> _Material to process_
--- START ---

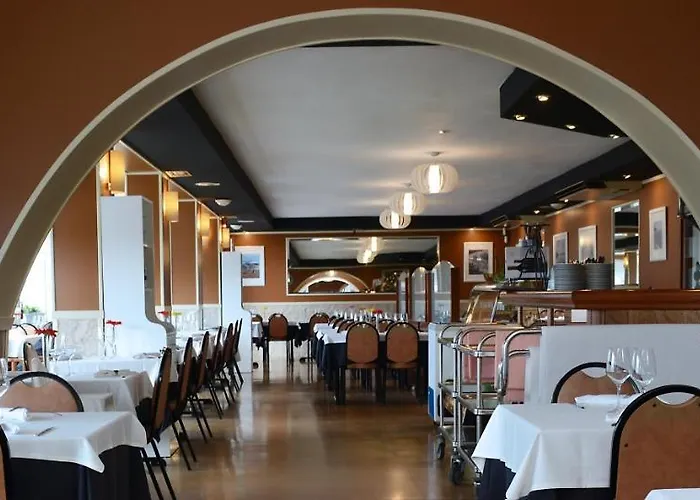 Casa Feliu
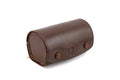 Sun Auxiliary Tele/Wide Kit for Minolta A3/A5 - Accessory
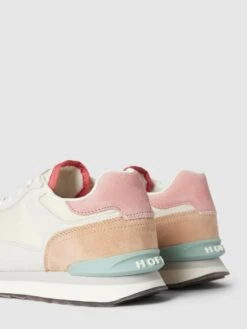 HOFF Sneaker Im Colour-Blocking-Design Modell 'ROME' - Offwhite -Geox Verkaufsgeschäft 9dajiihl710koja76kr4gdpm95b48lak655ksc2f6cs36ja98kqkqk2jah6jek9m892j4hpl8ss3ch1lago3adpmc5h30dpn6pgmce1k6tgj4e9o6gp3id346dj3ac9n74r6ap8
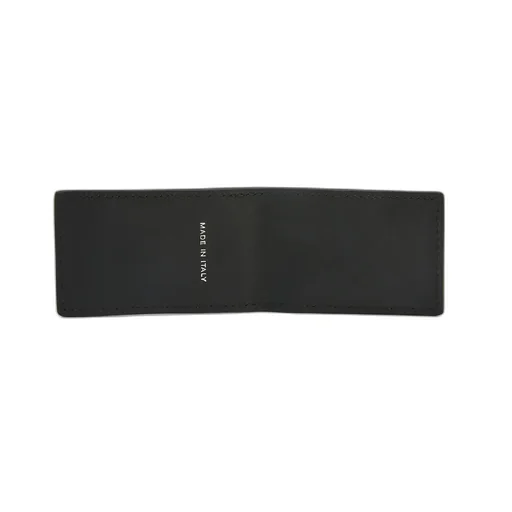 Giuseppe Zanotti Albert Embossed Wallet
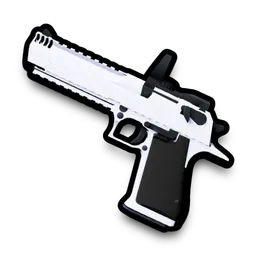 Deagle Arena Deagle Arena Discord server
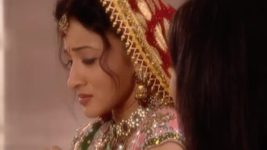 Yahaan Main Ghar Ghar Kheli S01 E126 7th May 2010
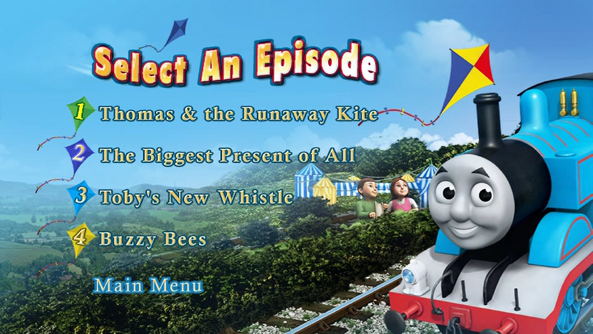 File:ThomasandtheRunawayKiteUKDVDSelectanEpisodemenu.png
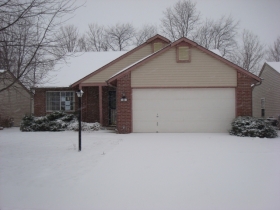 444 ASHBY DR, GREENFIELD, IN 46140 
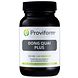 Proviform Dong Quai Plus Vegicaps 60VCP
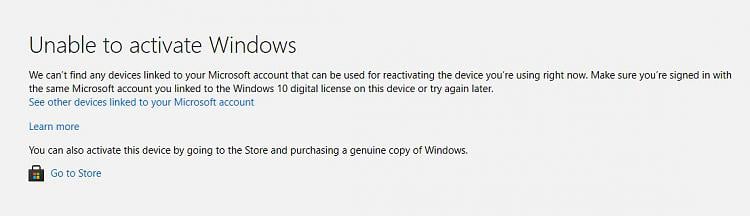 I need help using my windows key on a new pc build and removing this key from an old pc... 312741d1609351687t-help-installing-windows-new-pc-old-key-change-hardware.jpg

--- END ---

> _Assignment_
Leave every picture out and copy precisely the lines from the one containing "444 ASHBY DR, GREENFIELD, IN 46140" through the last line of the data above, both ends included.

> _Reply to the exercise_
 444 ASHBY DR, GREENFIELD, IN 46140 
 Proviform Dong Quai Plus Vegicaps 60VCP
 I need help using my windows key on a new pc build and removing this key from an old pc... 312741d1609351687t-help-installing-windows-new-pc-old-key-change-hardware.jpg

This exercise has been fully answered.